Records for the task below:

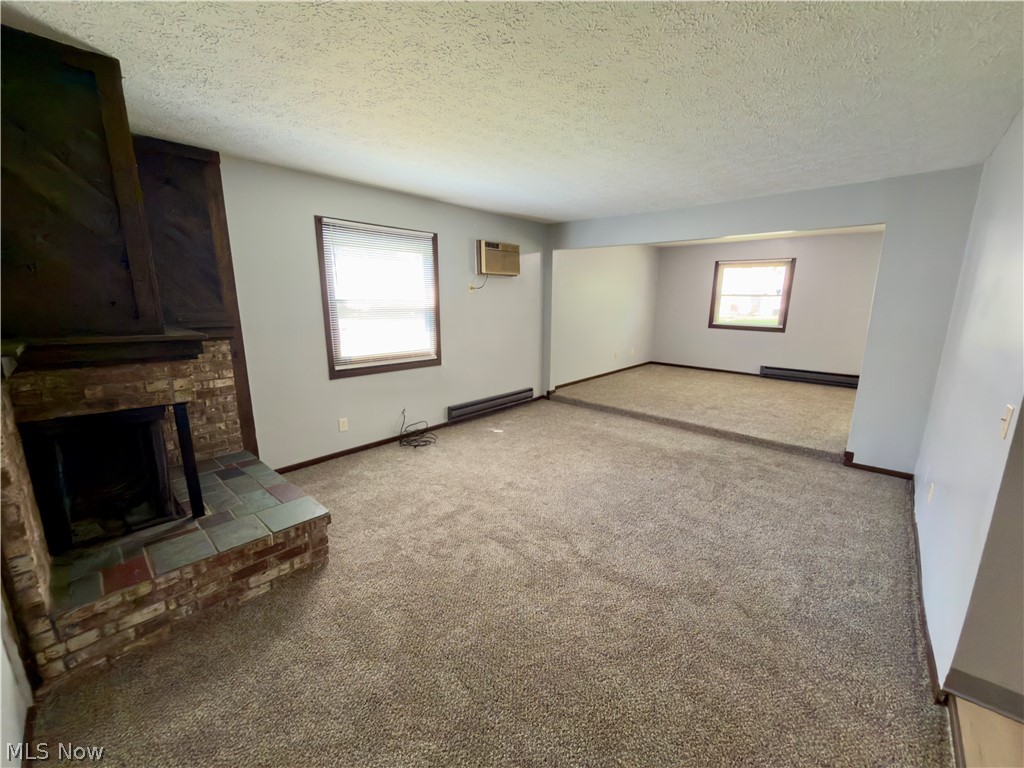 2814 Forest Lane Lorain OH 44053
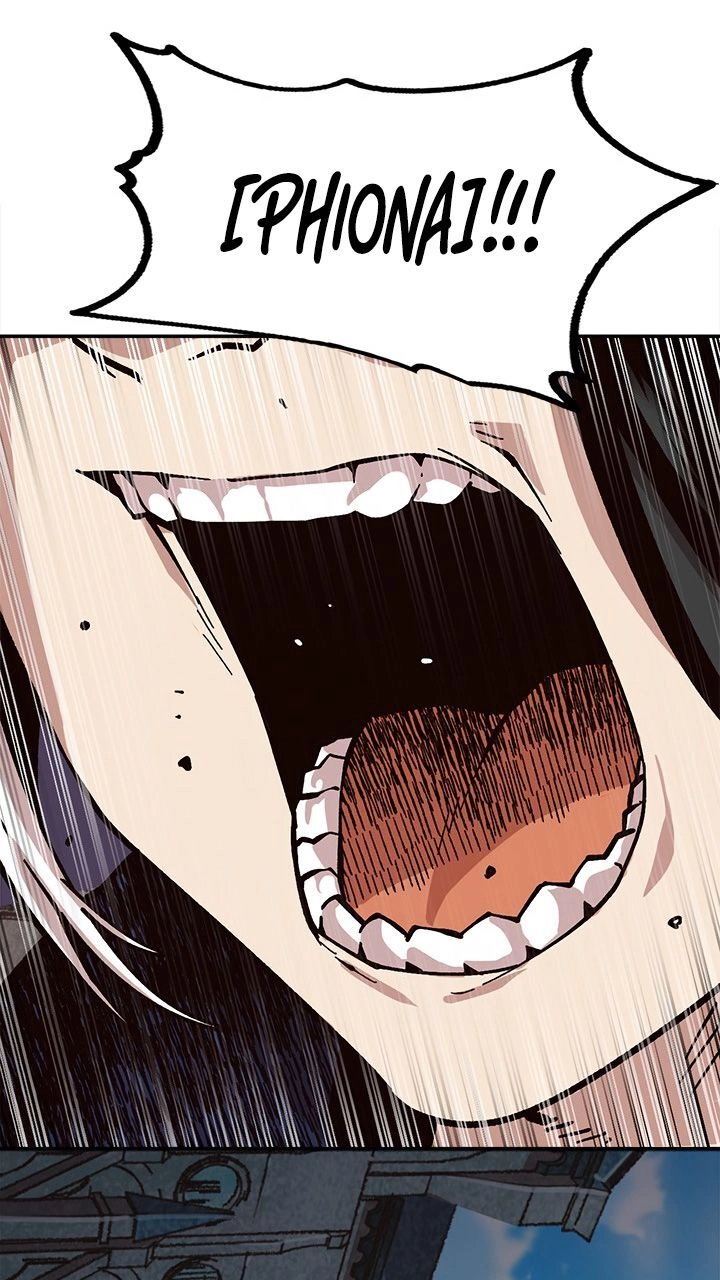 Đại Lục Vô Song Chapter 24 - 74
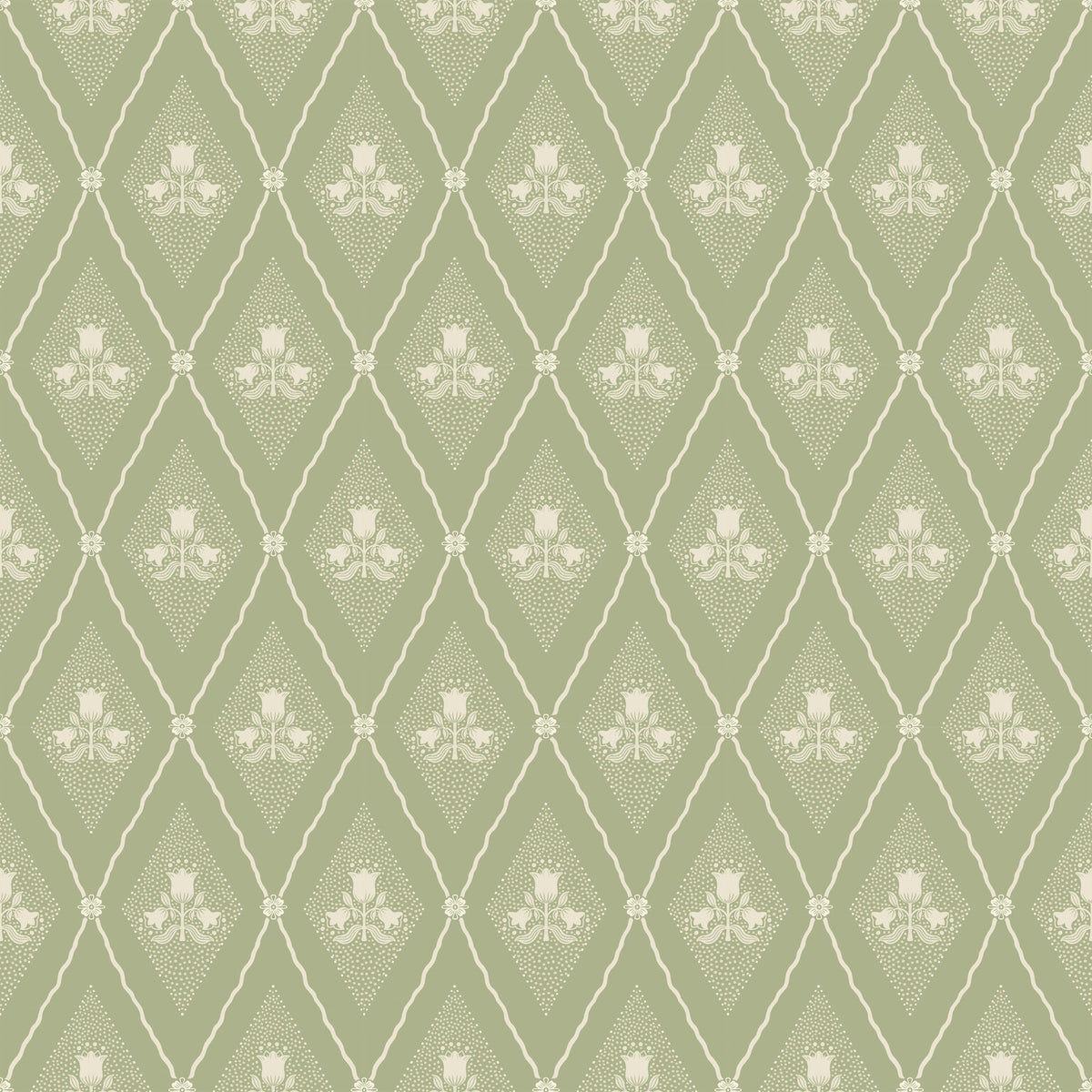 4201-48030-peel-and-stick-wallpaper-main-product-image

End of Records for the task.
Records for the task below:

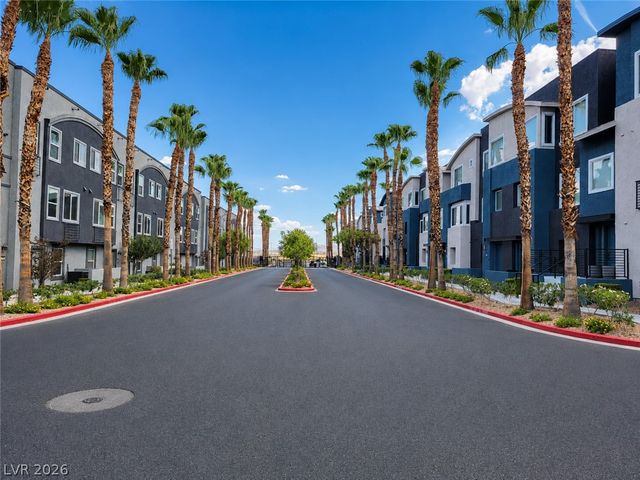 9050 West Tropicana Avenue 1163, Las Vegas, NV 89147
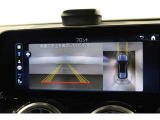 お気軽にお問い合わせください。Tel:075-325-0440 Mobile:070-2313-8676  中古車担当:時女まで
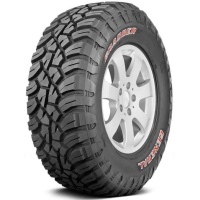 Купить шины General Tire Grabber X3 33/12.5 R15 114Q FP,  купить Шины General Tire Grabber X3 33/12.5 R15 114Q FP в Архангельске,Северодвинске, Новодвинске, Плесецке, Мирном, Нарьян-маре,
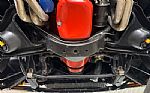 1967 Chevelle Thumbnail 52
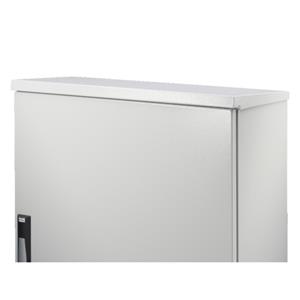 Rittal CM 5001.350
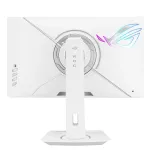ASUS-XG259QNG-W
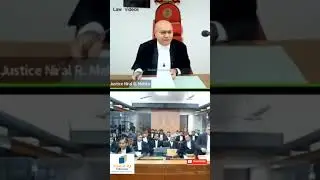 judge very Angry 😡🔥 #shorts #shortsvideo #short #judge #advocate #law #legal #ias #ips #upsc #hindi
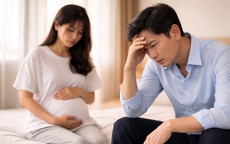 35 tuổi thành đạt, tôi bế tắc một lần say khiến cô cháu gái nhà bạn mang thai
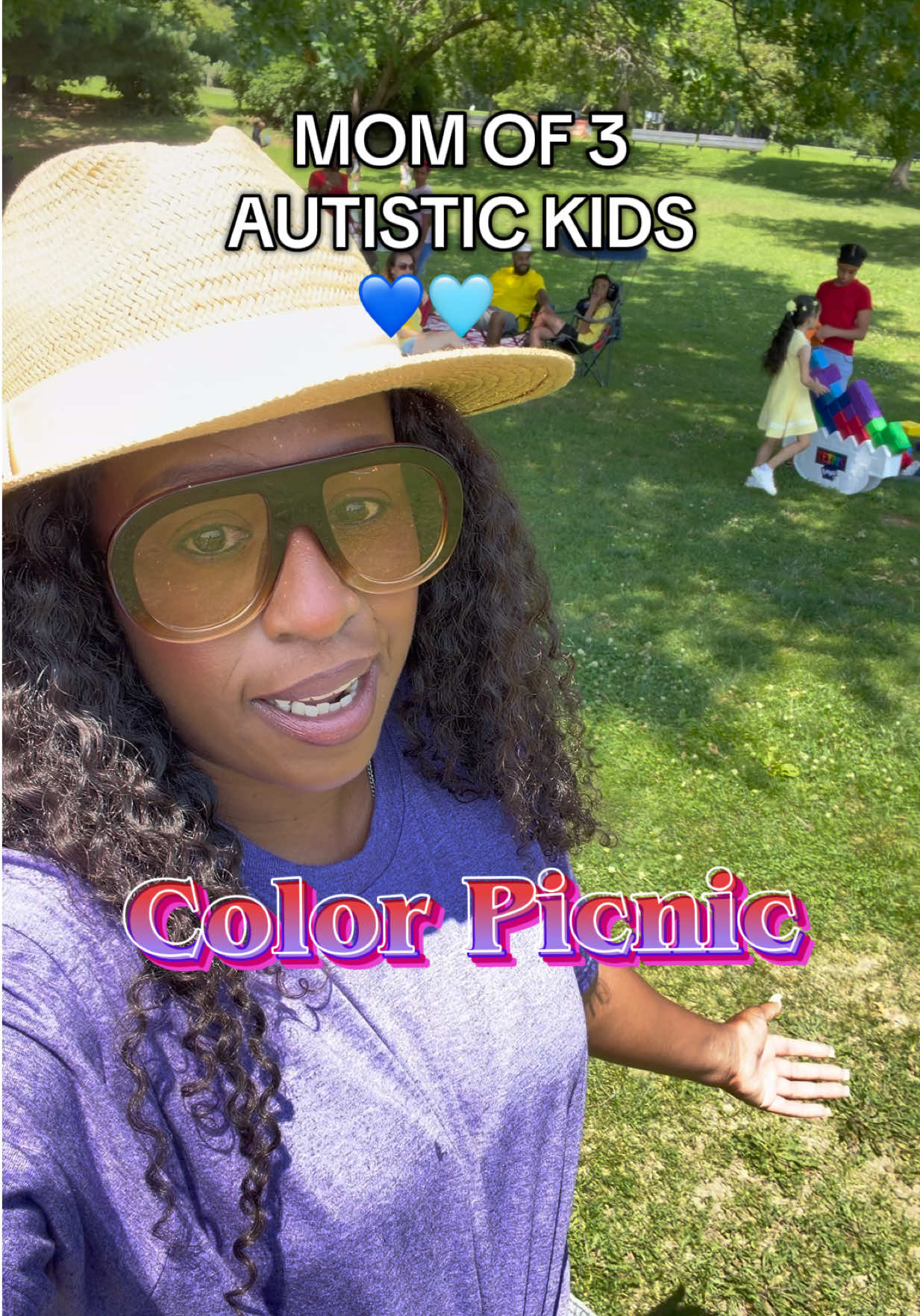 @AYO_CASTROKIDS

End of Records for the task.
Records for the task below:

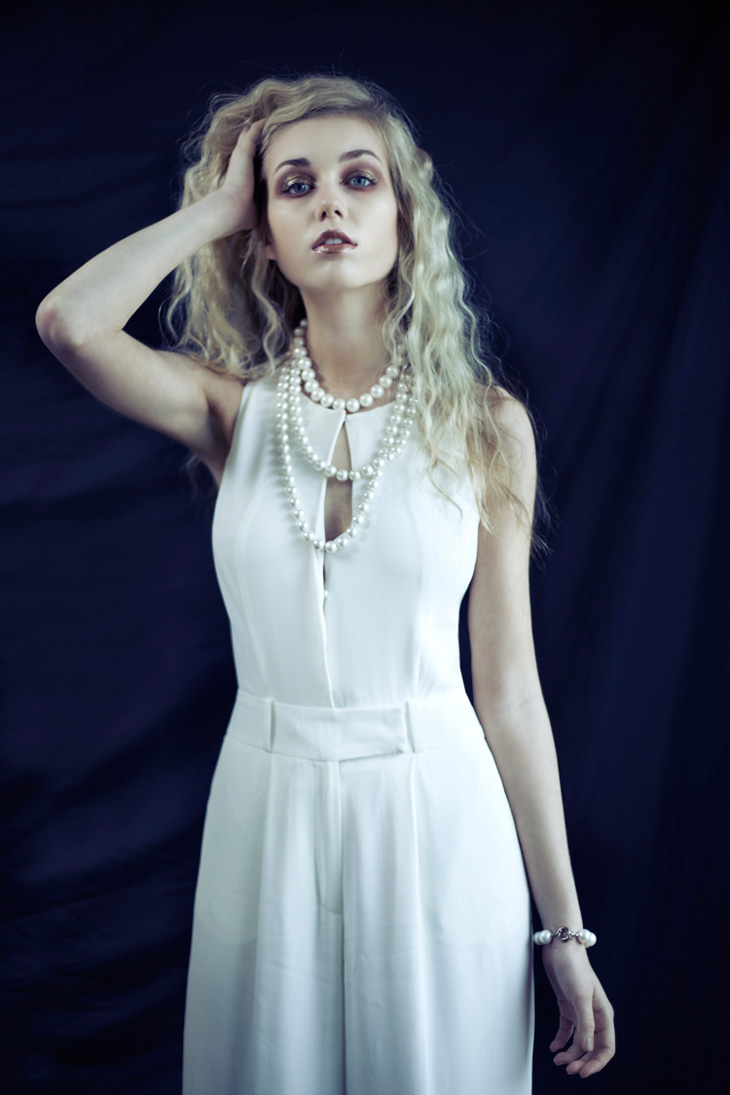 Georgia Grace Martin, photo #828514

End of Records for the task.

Starting at the line above with "2814 Forest Lane Lorain OH 44053", output every line exactly up to and including the line with "4201-48030-peel-and-stick-wallpaper-main-product-image", but none of the pictures.

 2814 Forest Lane Lorain OH 44053
 Đại Lục Vô Song Chapter 24 - 74
 4201-48030-peel-and-stick-wallpaper-main-product-image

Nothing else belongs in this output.